Answer: with the help of some good old math! Decision trees are built in a top-down fashion through finding the attribute that maximizes something called information gain at each split. The idea is that, the higher the information gain, the higher the importance of the attribute in determining the outcome/target variable. Decision trees are often called a greedy algorithm since they find the best partition each individual step, rather than optimizing for a global tree structure that will deliver the best prediction.
The formula for information gain is as follows:
$$ InformationGain = E(\text{parent}) - \sum_{\text{children}}\frac{N_j}{N}E(\text{children}_j) $$
This can look intimidating at first but it's actually quite simple. The function E() is something called entropy. To compute information gain, we simply deduct the weighted sum of the entropies of the children nodes from the entropy of the parent node. The attribute that yields the highest information gain when partioned to its children gets chosen as the root node. This process continues with the remaining subset of data until there is no way to further partition the tree, which is when there is one class left in each leaf node. When that is the case, the decision tree is considered complete.

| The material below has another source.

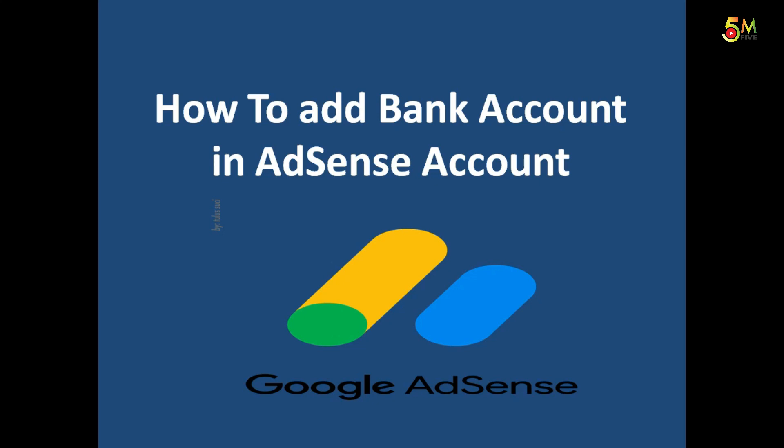Hey guys, what's up? Hope everybody is doing well. In today's video, I am going to show you how to add a bank account in your AdSense account. But before beginning the video, let me tell you something about AdSense account.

Entropy measures the amount of unpredictability in a random variable. In practical terms, it is a measure of impurity of an attribute. If the attribute in question is composed of a single class, for example, all yes's or all no's, then that attribute is considered pure and entropy takes on a value of 0. If the classes are equally distributed, for example, 50% yes's and 50% no's, entropy takes on a value of 1.
Here is the formula for entropy:
$$ Entropy = \sum_{i=1}^{classes} - {P_i} * {log_2}{P_i} $$
Entropy and information gain are used interchangeably with something called gini index, a slightly different measure of node impurity. They yield very similar results.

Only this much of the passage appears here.